#### What this task involves:
Please retype the records below exactly, from the first line down to and including the line with "1 que es el glaucoma".

#### The records:

>>>>>

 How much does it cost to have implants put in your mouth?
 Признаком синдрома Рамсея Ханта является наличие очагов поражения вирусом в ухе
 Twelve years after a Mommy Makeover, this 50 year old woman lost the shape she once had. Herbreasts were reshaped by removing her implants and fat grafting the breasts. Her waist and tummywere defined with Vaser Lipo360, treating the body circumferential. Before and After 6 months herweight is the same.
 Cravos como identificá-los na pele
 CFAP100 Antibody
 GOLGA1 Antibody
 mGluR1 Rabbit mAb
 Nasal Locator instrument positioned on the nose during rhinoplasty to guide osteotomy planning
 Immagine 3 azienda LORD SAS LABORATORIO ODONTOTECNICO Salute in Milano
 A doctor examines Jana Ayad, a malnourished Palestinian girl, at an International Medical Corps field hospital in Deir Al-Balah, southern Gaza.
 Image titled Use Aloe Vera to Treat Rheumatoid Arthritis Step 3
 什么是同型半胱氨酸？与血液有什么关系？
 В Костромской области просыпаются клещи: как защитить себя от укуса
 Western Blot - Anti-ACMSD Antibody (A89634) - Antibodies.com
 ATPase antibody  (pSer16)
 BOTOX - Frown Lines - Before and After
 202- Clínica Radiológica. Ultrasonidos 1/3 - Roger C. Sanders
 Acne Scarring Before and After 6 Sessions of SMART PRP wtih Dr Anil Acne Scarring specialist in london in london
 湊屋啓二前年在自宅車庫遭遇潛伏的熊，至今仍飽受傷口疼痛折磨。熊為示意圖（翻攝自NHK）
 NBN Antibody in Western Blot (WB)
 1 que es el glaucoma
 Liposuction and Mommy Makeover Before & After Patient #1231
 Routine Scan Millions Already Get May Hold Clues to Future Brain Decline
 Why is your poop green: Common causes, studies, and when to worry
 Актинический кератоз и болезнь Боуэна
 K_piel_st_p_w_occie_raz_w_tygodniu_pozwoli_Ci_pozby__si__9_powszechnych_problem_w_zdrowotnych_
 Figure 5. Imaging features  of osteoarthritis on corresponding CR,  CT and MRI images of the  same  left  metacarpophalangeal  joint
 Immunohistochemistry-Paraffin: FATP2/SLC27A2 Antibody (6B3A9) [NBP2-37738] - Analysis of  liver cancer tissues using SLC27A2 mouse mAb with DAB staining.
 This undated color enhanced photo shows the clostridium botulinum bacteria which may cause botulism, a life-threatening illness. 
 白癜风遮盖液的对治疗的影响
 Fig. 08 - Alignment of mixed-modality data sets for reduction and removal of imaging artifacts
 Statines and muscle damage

<<<<<

#### Task result:
 How much does it cost to have implants put in your mouth?
 Признаком синдрома Рамсея Ханта является наличие очагов поражения вирусом в ухе
 Twelve years after a Mommy Makeover, this 50 year old woman lost the shape she once had. Herbreasts were reshaped by removing her implants and fat grafting the breasts. Her waist and tummywere defined with Vaser Lipo360, treating the body circumferential. Before and After 6 months herweight is the same.
 Cravos como identificá-los na pele
 CFAP100 Antibody
 GOLGA1 Antibody
 mGluR1 Rabbit mAb
 Nasal Locator instrument positioned on the nose during rhinoplasty to guide osteotomy planning
 Immagine 3 azienda LORD SAS LABORATORIO ODONTOTECNICO Salute in Milano
 A doctor examines Jana Ayad, a malnourished Palestinian girl, at an International Medical Corps field hospital in Deir Al-Balah, southern Gaza.
 Image titled Use Aloe Vera to Treat Rheumatoid Arthritis Step 3
 什么是同型半胱氨酸？与血液有什么关系？
 В Костромской области просыпаются клещи: как защитить себя от укуса
 Western Blot - Anti-ACMSD Antibody (A89634) - Antibodies.com
 ATPase antibody  (pSer16)
 BOTOX - Frown Lines - Before and After
 202- Clínica Radiológica. Ultrasonidos 1/3 - Roger C. Sanders
 Acne Scarring Before and After 6 Sessions of SMART PRP wtih Dr Anil Acne Scarring specialist in london in london
 湊屋啓二前年在自宅車庫遭遇潛伏的熊，至今仍飽受傷口疼痛折磨。熊為示意圖（翻攝自NHK）
 NBN Antibody in Western Blot (WB)
 1 que es el glaucoma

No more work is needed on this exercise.